The moon callings happened less frequently, but they featured grand ballrooms packed with guests, pool parties with beautiful men and women, restaurants with live music, friendships, romances, fulfillment. Half the galaxy started to believe it actually was God calling. The other half took to calling the lunazoe by the term coined by Michael Everet: Soul-Eater
Thanks in part to Admiral Vogel’s urging and the new president’s own fascination with the lunazoe, the Pelagic institute was nationalized. Nora Dobbs received court subpoenas to relinquish all property in lunar orbit and the surface, and hand over all research data to the USSN. Nora went through the motions, seeming to comply with every step. When the LMCC discovered much of the data was missing or destroyed, her and her staff were nowhere to be found.
It was a scandal so huge, it dominated the entire galaxy, even the worlds that had lived in isolation since the Waste was first documented. Conspiracy theorists had always speculated that the lunazoe (and the Waste, as well) was a manufactured superweapon. Nora’s disappearance seemed to confirm her guilt. Rumors circulated that she fled with a vial of active lunazoe cultures. That she would unleash it on an unsuspecting planet lest a ransom was paid. That the callings and the visions had all be part of a grand hoax to swindle the galaxy. The ransom letters never came.
Instead, Nora sipped fresh tea from a ceramic cup. The little cottage was just the sort of abode William Trimble believed he would die in. She sat each night by an electric light and penned her memoirs by hand. She wrote with uniform, meticulous penmanship. Nora imagined it as a tell-all of the greatest crime ever committed against humanity. She imagined its discovery after her death. She imagined the day when Freeport shed its low-technology customs and her story propagated through the Webgates.
Nora picked off the little sticky bandage pad she had placed on her knuckle to keep her finger from blistering. Th
e hardwood floor squeaked as she pushed the chair back over the boards. She wrapped her aching hand around the warm cup. They said winters on Freeport were harsh. Why hadn’t the settlers picked a more tropical planet?
The notes formed an increasingly thick stack on the desk’s far corner. Nora spread out the day’s work in front of her. Dr. Alan Fabrycky has been a gifted neurologist. When he shook her hand at the opening of the Pelagic MindDome, Nora remembered feeling a bit smitten. He was handsome and young, but at that age where youthful good looks just begin to transition into what she thought of as manhood.
Fabrycky was strictly science, of course. Nora could never have believed the man who stood before her so proud and passionate would be reduced to a blubbering drunken fool by tragedy and regret. The man’s drive was an inspiration to the team.

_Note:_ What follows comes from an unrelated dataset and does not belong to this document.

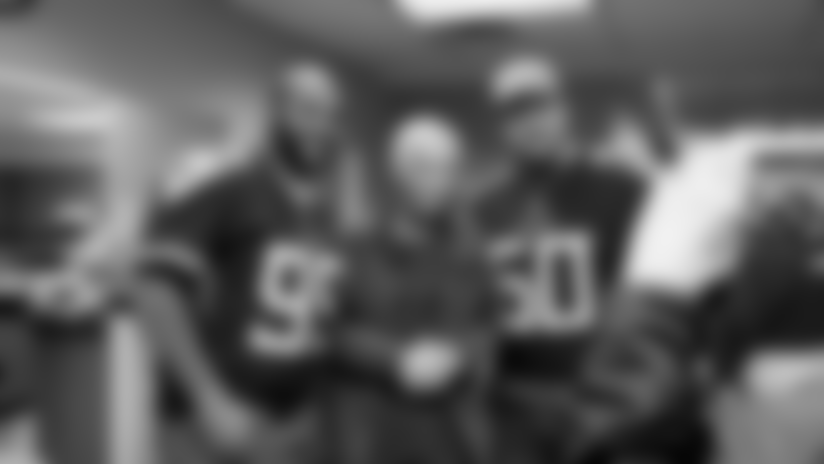 Jurrell Casey, Ben Jones Visit Patients at Hope Lodge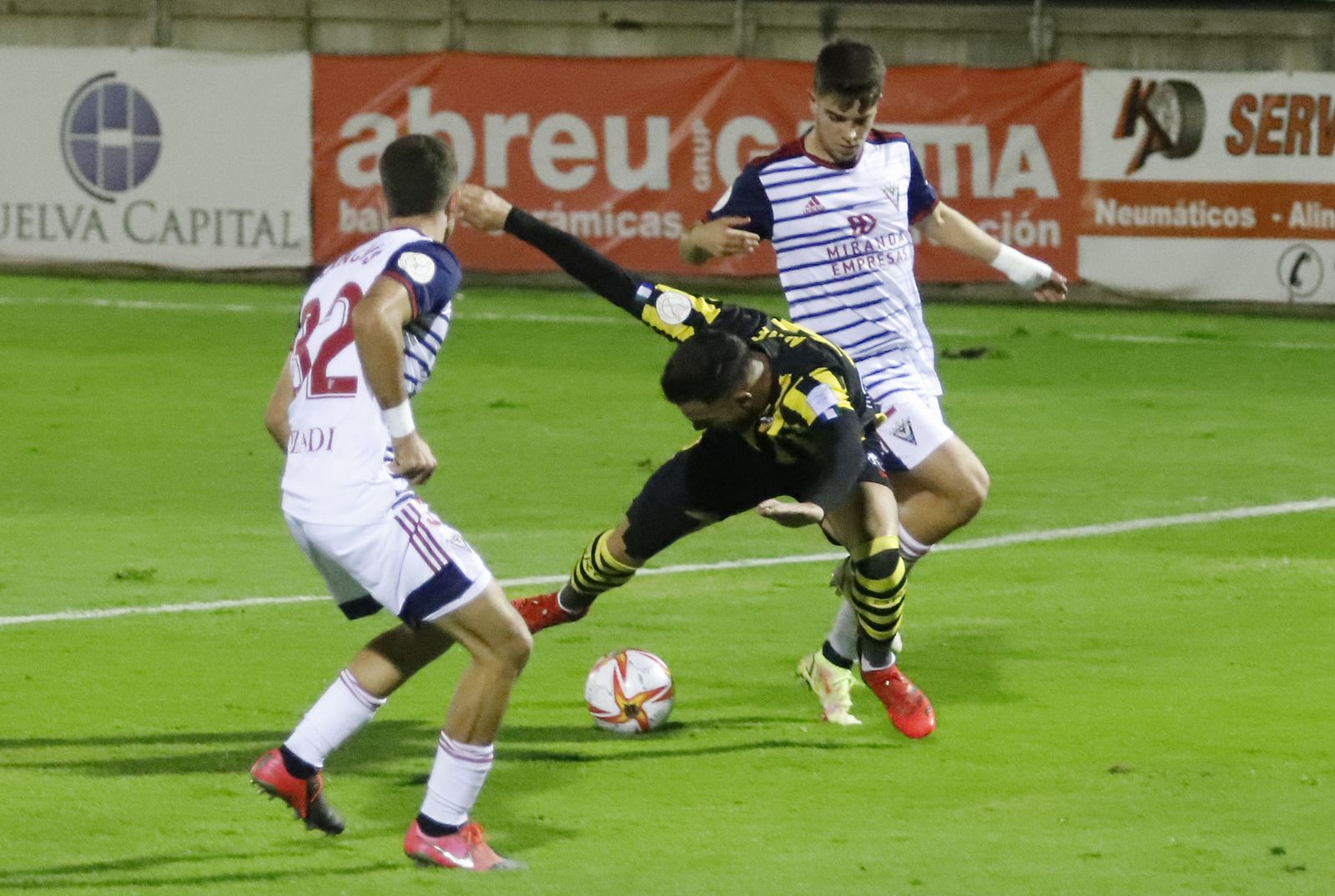 Imágenes del encuentro de Copa del Rey entre el San Roque de Lepe y el Mirandés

It was a novel concept: Apply nanite technology to treat degenerative brain diseases. The grant money rolled in. Alan and the team made breakthroughs quarterly. Then they started thinking bigger. The scope of work they were doing was no longer published in its entirety. Prototypes were fabricated.
When the Waste hit, Pelagic led the charge with a million others to develop a cure or a vaccine. No one ever did find out where the Waste pathogen came from. Some believed it came from the Webgates, themselves, given the way it appeared on multiple planets all at once. Much of it was still not understood. That’s why inoculating against it was so difficult.
Someone got it in their mind that the Waste was a nanite-biotic. The theory, then, was that the only thing that could defeat a nanite-biotic was a nanite-antibiotic. It was this grace that secured Pelagic the contract for the lunar research bases.
Nora’s home was far from furnished. She had a desk. A few chairs and a rustic table. The bed was unusual. It wasn’t primitive but it wasn’t what she was used to. The kitchen appliances worked. She felt like she was living in an old movie. She paced about, unsure what to do for entertainment.